Weber è stato chiaro anche su questa variabile-base. La politica e la governance dell’Europa, registrati gli esiti del voto del prossimo giugno, non potranno che ripartire dalla “grande coalizione di fatto” che domina da sempre sia Strasburgo che Bruxelles: quella tra i popolari, i socialdemocratici e i liberali. Finora però sempre maggioritaria nei numeri, mentre potrebbe non essere più così dopo le elezioni. E poi – ha sottolineato Weber con accenti inequivocabili, – l’agenda non può essere più ristretta all'”ideologia europea”: l’europeismo vuoto di contenuti non può più essere il collante dell’Ue quasi 70 anni dopo i Trattati di Roma e mentre si stanno riscrivendo quelli di Maastricht, nel pieno di una crisi geopolitica. Quindi, sul tavolo delle tra maggiori “famiglie” europee dovrà essere composta una piattaforma e questo confronto definirà il perimetro stesso della nuova “coalizione von der Leyen”.

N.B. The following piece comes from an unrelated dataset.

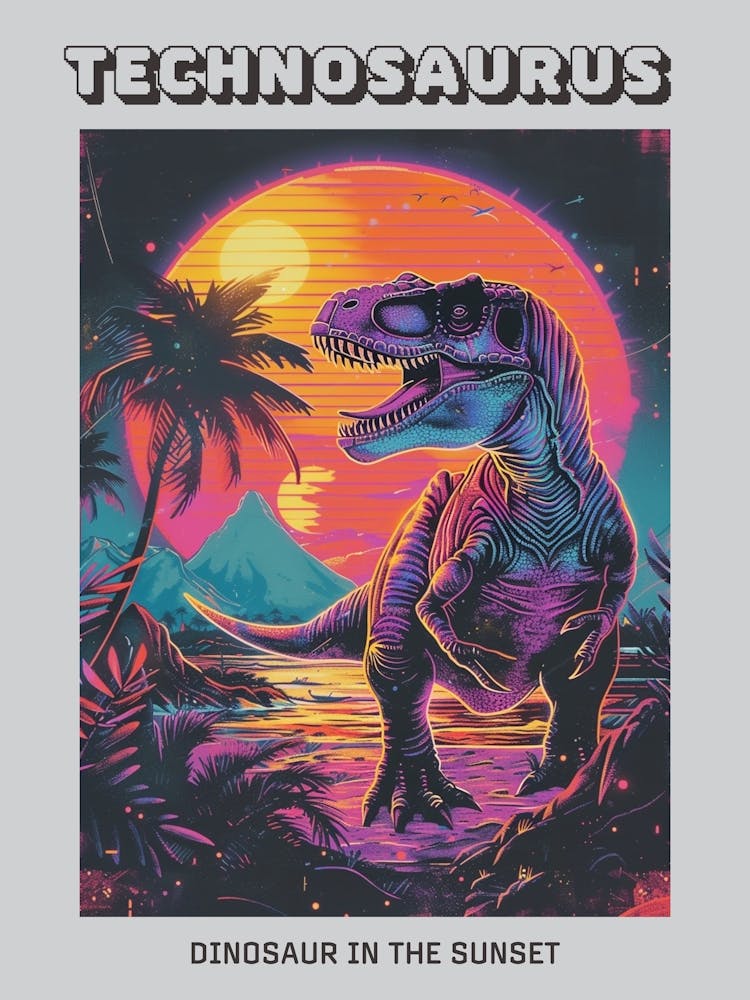 Cyber Dinosaur In The Sunset Poster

Su due punti Weber è stato esplicito. Primo: l’Ue deve strutturare una vera politica dei flussi migratori – oltre l’obsoleta Dublino 2013 – per superare un’emergenza che colpisce numerosi Paesi europei (e su questo fronte il leader Ppe ha annotato sia persistenti rigidità di socialisti e verdi, sia il riemergere di pressioni populiste). Secondo, il Ppe si sente pienamente impegnato nella transizione ambientale, ma ha già espresso in aula a Strasburgo due “no”: allo stop ai motori a combustione tradizionale e alla cosiddetta “legge per il ripristino della natura””, avversata da tutte le organizzazioni agricole europee di cui il Ppe si sente forza rappresentativa.

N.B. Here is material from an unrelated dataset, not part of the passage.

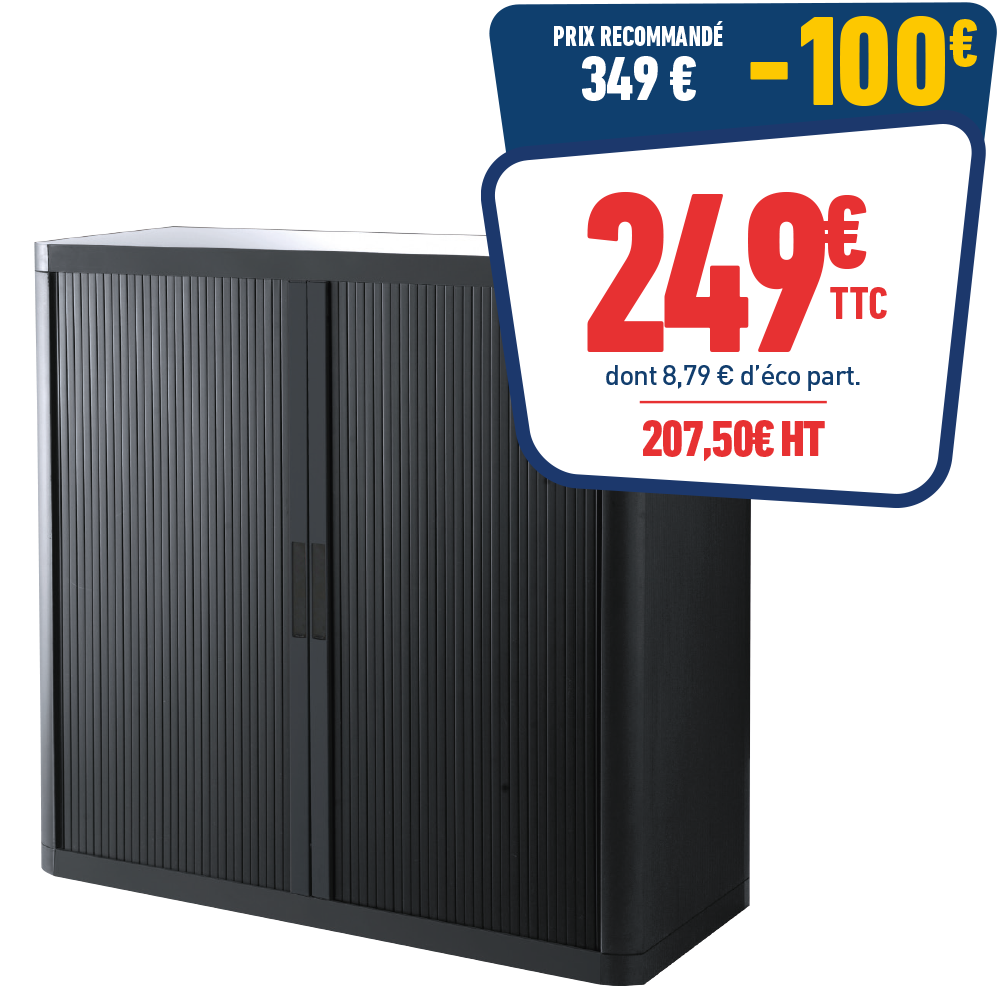 Armoire basse à rideaux noir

Servono “compromessi anche se nessuno è felice”. È evidente che in quadro politico-istituzionale in ricostruzione dinamica la nuova maggioranza non sarà un punto di partenza ma d’arrivo. E interpellato sul possibile coinvolgimento di Ecr (i Conservatori e riformisti di cui la Premier italiana Giorgia Meloni è stata finora personalmente leader) Weber ha riconosciuto che “la costruzione dei compromessi continuerà a basarsi sulle maggioranze decise dai cittadini”. Di più: “Con Meloni ho avuto buoni contatti, penso che stia facendo del suo meglio per mantenere l’Italia forte e le promesse fatte. La rispetto. L’Italia è stata un grande partner nel trovare soluzioni per il pacchetto migrazione. È bello vedere che il Governo italiano è davvero un Governo europeo”. Naturalmente non è mancata una parola per il vicepremier Antonio Tajani, leader di Fi, quindi terminale italiano diretto del Ppe: nonché ex Presidente dell’europarlamento ed ex commissario Ue. Ma è chiaro che il ruolo dell’Italia nell’Ue dell’immediato futuro – in una cornice di enorme volatilità geopolitica – si giocherà principalmente sulle compatibilità strategiche che potranno essere trovate tra palazzo Chigi e Bruxelles e in parallelo su quelle politiche fra Ecr (a trazione Fdi) e Ppe.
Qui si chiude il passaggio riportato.